**Recorded data**
Start of Block

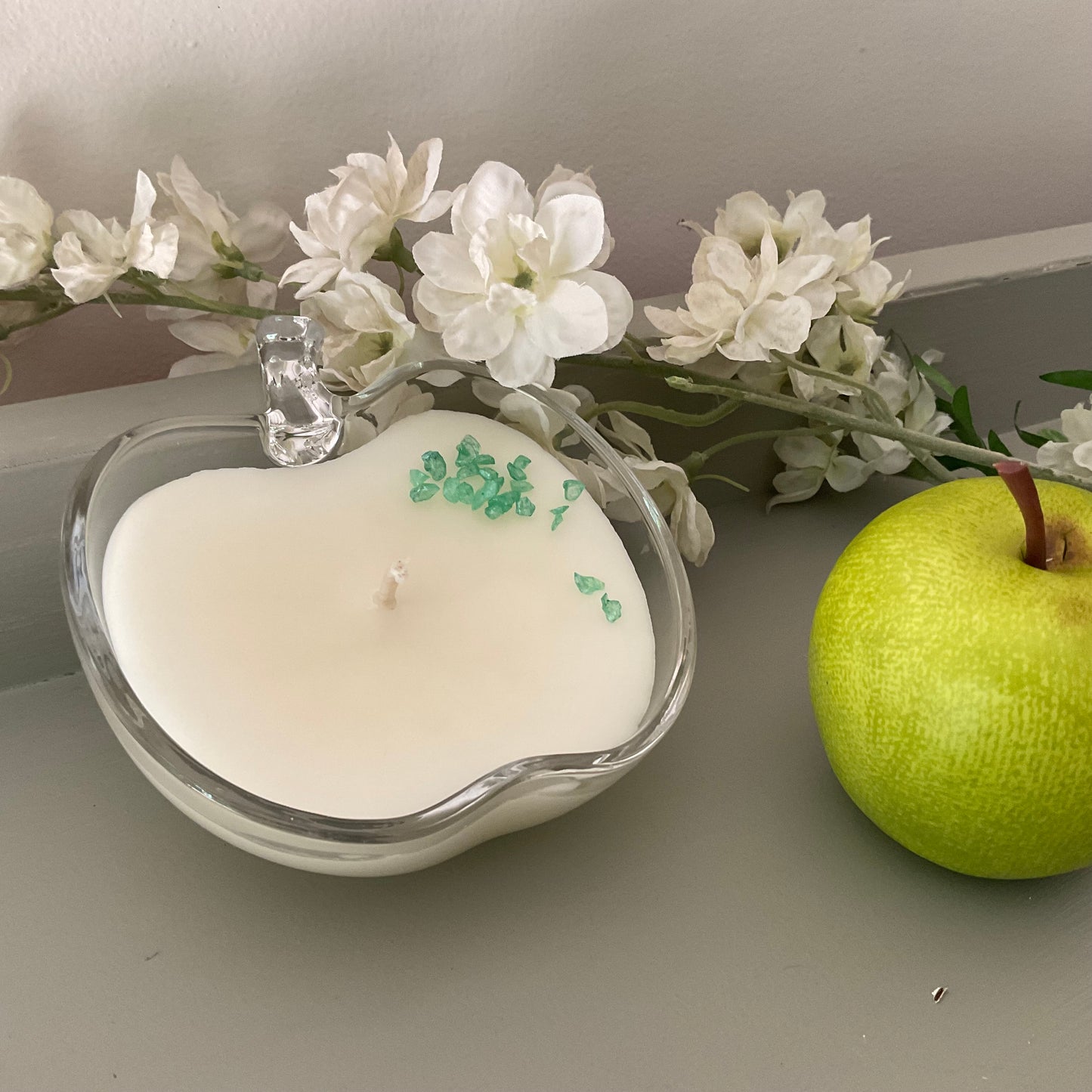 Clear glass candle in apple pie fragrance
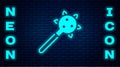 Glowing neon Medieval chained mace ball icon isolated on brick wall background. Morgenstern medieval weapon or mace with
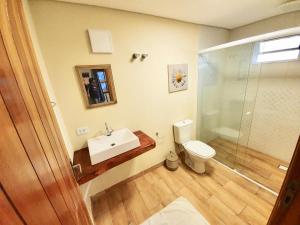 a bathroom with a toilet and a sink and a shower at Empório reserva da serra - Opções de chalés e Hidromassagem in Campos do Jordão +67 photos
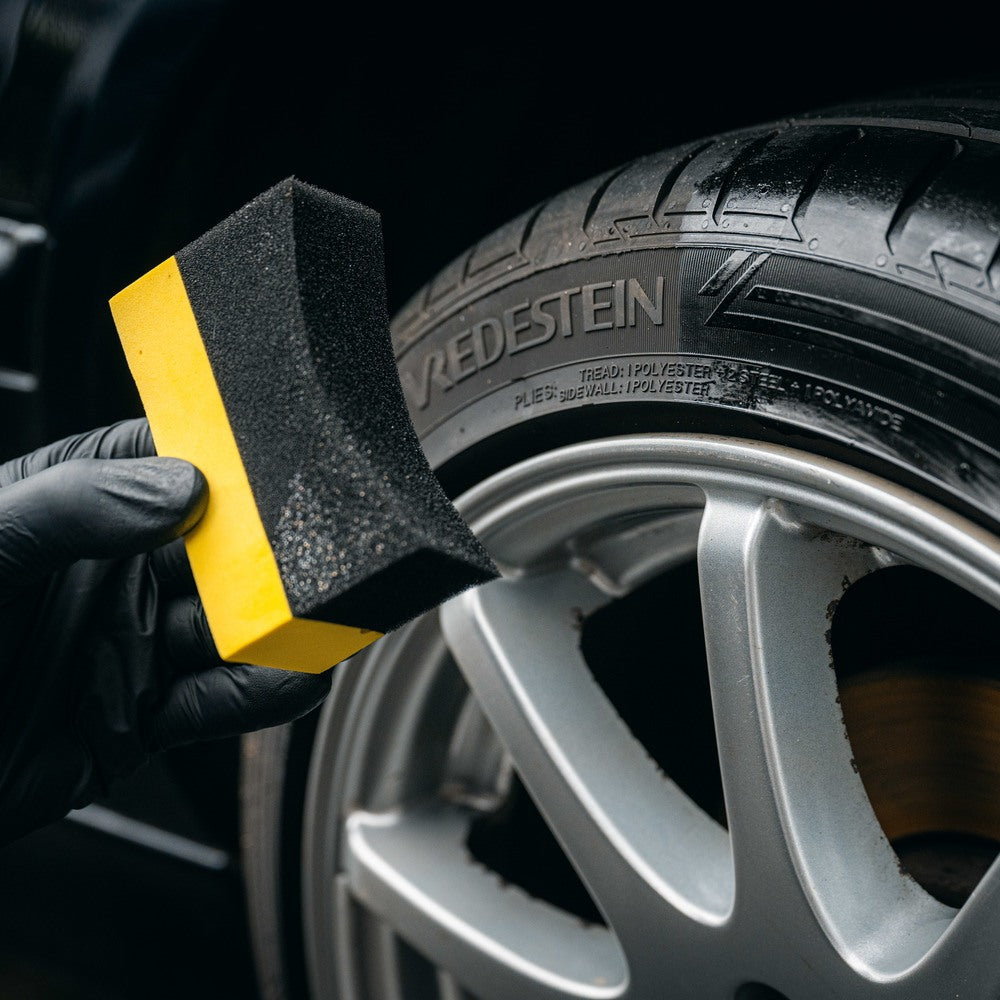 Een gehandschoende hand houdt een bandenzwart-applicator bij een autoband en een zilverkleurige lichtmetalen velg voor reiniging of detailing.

End of Block

**What you will do**
Each line from the first line of the material above through the line containing "a bathroom with" is to be reproduced exactly, with both ends kept and pictures left out.

**Task answer**
 Clear glass candle in apple pie fragrance
 Glowing neon Medieval chained mace ball icon isolated on brick wall background. Morgenstern medieval weapon or mace with
 a bathroom with a toilet and a sink and a shower at Empório reserva da serra - Opções de chalés e Hidromassagem in Campos do Jordão +67 photos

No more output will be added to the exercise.